____ Stored data
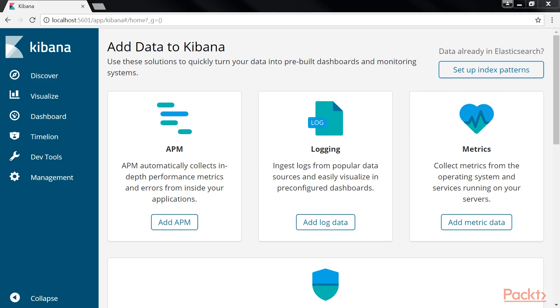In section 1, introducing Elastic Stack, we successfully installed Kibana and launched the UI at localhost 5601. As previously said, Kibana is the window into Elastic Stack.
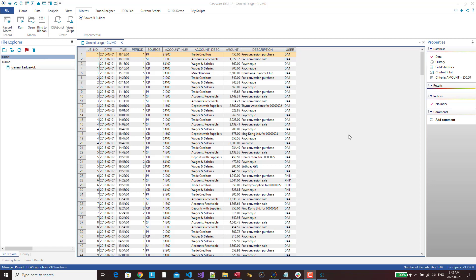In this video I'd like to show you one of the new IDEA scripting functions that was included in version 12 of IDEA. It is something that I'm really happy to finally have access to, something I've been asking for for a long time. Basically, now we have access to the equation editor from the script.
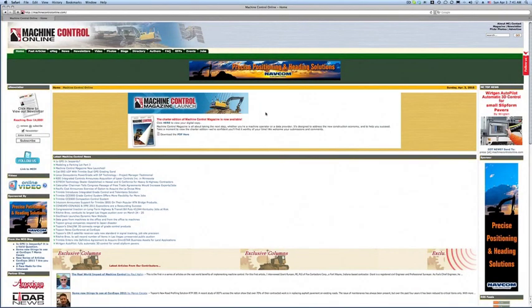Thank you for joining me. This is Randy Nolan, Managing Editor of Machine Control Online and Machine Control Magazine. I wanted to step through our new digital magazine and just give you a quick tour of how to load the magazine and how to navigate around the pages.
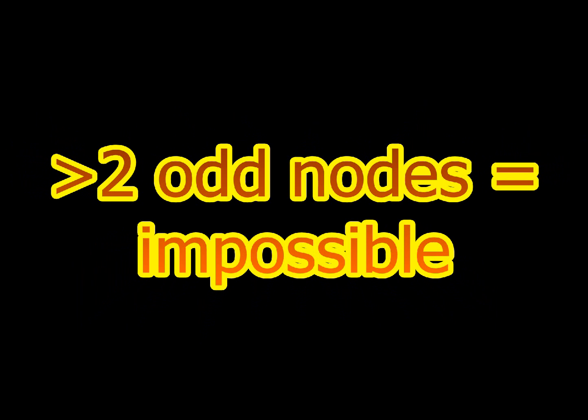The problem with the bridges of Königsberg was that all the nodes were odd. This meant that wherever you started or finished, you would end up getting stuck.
________
Task to complete: The listing should be transcribed exactly. No picture is to appear in the transcription.

Final answer:
In section 1, introducing Elastic Stack, we successfully installed Kibana and launched the UI at localhost 5601. As previously said, Kibana is the window into Elastic Stack.
In this video I'd like to show you one of the new IDEA scripting functions that was included in version 12 of IDEA. It is something that I'm really happy to finally have access to, something I've been asking for for a long time. Basically, now we have access to the equation editor from the script.
Thank you for joining me. This is Randy Nolan, Managing Editor of Machine Control Online and Machine Control Magazine. I wanted to step through our new digital magazine and just give you a quick tour of how to load the magazine and how to navigate around the pages.
The problem with the bridges of Königsberg was that all the nodes were odd. This meant that wherever you started or finished, you would end up getting stuck.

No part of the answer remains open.